I nearly married back in 1991 to a young lady, but God prevented it. We knew each other about a year and loved each other very much. I had been a Christian for some time and she wasn’t when we met, which by the way I’ll warn you as does Scripture: don’t go there! 2Cor 6:14 “Be ye not unequally yoked together with unbelievers: for what fellowship hath righteousness with unrighteousness? and what communion hath light with darkness?” Never date a non-Christian or even toy with the idea: we’ll just be friends. Also, dating, if you chose to do so – courtship is the Biblical method – is not a mission field! If the other person is not a Christian don’t go there! Her friend (a non-Christian) told her to just profess Christianity and that would solve the problem. Of course, we as Christians know that doesn’t work. It’s hard to imagine something worse then a house divided with one spouse in love with the Lord and the other not. Fortunately, her conscience would not allow her to do such a thing as she had told me about it sometime later.
The reason we did not marry was due to God’s sovereignty. Although she had become a Christian, her parents forbid us to marry. She’s Japanese and I’m American and once her parents heard of her interest in an American, they were outraged.
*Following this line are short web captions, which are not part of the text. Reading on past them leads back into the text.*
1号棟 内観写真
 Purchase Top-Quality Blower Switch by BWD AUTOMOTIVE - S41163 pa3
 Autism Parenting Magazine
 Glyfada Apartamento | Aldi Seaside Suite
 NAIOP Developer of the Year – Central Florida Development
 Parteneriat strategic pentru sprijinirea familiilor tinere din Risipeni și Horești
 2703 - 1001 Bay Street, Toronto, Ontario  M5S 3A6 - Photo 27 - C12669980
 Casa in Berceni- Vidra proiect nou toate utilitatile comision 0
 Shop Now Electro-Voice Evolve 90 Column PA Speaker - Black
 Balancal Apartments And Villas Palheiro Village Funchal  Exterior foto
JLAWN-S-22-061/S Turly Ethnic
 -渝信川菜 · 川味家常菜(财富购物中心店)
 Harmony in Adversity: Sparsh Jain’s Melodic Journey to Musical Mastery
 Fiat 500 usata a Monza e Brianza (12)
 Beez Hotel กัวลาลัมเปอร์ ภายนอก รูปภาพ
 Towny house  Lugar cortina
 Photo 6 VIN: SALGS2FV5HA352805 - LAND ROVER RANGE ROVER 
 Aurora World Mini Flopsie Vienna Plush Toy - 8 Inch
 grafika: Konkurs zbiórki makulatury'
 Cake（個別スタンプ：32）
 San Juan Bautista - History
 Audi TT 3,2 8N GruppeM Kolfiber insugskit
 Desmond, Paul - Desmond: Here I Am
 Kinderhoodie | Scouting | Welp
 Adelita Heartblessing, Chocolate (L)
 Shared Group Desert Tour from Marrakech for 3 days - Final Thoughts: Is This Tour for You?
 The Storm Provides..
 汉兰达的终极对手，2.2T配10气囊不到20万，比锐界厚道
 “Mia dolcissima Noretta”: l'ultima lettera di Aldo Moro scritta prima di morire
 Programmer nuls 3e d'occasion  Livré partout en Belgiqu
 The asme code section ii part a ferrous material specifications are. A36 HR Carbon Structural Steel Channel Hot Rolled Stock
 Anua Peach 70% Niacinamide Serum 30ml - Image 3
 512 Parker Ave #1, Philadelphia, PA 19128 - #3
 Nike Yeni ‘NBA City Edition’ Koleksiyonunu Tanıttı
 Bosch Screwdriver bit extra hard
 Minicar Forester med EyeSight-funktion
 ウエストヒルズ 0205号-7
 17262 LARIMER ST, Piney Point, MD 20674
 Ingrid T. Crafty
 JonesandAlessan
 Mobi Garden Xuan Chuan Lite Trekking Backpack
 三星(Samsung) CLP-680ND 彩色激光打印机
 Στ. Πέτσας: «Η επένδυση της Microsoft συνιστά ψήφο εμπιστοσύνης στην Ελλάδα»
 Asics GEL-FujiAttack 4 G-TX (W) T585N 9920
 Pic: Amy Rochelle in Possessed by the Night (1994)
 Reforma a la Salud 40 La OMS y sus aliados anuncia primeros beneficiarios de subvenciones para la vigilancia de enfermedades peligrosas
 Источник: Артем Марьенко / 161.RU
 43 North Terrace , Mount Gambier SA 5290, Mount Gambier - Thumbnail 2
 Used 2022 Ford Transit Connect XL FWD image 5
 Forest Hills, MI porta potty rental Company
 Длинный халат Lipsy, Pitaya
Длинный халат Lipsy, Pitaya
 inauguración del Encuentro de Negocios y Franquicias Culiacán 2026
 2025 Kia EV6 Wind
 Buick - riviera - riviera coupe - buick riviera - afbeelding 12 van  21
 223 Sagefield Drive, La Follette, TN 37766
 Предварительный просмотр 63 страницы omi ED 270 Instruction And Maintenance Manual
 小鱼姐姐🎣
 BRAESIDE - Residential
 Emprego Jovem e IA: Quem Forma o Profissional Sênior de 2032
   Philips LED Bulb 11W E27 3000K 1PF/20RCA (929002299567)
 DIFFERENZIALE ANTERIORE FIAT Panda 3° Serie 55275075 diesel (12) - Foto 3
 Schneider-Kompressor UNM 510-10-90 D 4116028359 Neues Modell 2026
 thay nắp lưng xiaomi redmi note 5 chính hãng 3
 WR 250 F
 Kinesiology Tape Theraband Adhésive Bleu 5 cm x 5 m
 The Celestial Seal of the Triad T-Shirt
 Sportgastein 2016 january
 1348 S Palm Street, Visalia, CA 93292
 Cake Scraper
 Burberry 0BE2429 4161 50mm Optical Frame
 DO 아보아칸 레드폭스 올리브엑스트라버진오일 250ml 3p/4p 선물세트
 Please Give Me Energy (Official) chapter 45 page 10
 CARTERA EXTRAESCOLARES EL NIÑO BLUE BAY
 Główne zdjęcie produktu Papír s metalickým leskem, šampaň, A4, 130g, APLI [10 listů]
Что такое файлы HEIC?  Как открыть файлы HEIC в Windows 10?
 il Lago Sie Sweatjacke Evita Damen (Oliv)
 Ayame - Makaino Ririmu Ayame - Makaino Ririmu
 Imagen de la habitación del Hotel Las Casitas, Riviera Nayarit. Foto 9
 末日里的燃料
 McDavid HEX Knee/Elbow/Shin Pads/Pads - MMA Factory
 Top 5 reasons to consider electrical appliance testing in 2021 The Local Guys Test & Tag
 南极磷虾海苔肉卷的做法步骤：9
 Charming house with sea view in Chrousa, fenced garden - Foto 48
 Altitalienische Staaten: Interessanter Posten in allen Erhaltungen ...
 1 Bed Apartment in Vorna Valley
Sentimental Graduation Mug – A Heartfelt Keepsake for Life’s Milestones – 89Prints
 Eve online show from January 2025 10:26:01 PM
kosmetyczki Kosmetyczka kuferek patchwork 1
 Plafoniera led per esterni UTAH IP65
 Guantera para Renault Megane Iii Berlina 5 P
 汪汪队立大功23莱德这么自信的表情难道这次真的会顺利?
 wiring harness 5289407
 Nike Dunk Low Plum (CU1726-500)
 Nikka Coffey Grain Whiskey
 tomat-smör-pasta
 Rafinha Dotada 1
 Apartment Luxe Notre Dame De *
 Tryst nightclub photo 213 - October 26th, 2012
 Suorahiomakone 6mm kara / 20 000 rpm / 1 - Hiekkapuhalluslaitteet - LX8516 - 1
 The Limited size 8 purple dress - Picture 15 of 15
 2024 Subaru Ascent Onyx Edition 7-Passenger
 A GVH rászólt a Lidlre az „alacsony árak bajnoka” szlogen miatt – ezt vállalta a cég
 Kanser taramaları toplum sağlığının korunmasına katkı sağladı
While we both thought that was a foolish reason not to marry and she was in the states and her parents in Japan, and we were both in our mid 20s, we purposed to obey God’s command to obey our parents. Mine parents had no objection and while her parents where not Christians they were still her parents and God didn’t say only obey your parent if they’re Christian. We prayed often that God would change their minds, but His answer was continually no. It was a painful experience for both of us, yet looking back at the directions both of us have taken, it was for the best.
I’m very serious about my relationship with God, yet she has not been and it would have taken a toll on our marriage. I’m grateful for God’s hand of protection through circumstances that made no since to us at the time. God used a family’s sinful prejudice as a device of protection.